== MATERIAL TO PROCESS

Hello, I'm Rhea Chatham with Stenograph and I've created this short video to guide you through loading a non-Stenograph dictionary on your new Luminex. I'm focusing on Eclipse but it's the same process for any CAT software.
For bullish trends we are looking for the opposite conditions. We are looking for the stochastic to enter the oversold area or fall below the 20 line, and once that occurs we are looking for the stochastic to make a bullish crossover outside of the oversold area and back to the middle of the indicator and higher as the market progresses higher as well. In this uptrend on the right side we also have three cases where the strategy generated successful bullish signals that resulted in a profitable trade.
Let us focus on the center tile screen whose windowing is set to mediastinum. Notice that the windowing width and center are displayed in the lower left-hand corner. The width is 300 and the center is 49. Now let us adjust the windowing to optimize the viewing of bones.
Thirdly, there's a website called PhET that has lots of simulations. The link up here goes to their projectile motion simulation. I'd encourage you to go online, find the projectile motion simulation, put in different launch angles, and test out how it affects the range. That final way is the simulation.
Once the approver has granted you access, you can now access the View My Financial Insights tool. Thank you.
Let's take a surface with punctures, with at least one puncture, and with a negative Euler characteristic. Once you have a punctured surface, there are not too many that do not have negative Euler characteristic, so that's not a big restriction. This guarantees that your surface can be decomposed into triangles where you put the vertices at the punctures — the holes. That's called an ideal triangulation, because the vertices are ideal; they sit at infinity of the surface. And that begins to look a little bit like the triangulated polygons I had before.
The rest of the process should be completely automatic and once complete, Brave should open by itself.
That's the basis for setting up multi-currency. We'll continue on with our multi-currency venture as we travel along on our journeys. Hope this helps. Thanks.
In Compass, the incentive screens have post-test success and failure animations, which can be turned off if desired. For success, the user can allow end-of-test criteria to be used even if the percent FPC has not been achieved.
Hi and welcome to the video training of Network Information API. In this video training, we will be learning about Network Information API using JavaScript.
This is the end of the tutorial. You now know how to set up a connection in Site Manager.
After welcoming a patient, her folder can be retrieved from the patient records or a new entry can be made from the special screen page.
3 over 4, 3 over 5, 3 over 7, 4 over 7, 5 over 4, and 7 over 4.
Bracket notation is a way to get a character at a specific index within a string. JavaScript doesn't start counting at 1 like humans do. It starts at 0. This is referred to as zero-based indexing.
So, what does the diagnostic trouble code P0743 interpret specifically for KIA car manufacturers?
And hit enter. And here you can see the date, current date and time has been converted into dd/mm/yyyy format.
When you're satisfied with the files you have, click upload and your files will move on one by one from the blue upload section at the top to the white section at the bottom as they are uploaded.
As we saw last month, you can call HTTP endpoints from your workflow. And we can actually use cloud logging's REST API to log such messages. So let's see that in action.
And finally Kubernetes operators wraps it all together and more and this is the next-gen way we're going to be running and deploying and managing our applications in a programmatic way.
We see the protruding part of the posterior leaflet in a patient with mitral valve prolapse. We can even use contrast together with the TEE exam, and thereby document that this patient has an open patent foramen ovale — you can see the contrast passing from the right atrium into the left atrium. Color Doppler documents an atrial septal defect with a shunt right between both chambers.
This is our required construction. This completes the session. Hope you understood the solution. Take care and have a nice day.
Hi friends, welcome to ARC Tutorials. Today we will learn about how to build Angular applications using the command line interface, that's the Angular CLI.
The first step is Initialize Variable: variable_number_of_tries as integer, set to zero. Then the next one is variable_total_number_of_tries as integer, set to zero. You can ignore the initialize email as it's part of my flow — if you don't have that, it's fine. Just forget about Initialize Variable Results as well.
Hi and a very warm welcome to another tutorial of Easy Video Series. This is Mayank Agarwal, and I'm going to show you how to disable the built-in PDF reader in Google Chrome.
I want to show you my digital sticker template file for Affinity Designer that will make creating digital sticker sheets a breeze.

====

EXERCISE DIRECTIONS
Go back to the listing above. Copy word for word the lines from the one with "The rest of" through the one with "That's the basis", and nothing more.

OUTPUT
The rest of the process should be completely automatic and once complete, Brave should open by itself.
That's the basis for setting up multi-currency. We'll continue on with our multi-currency venture as we travel along on our journeys. Hope this helps. Thanks.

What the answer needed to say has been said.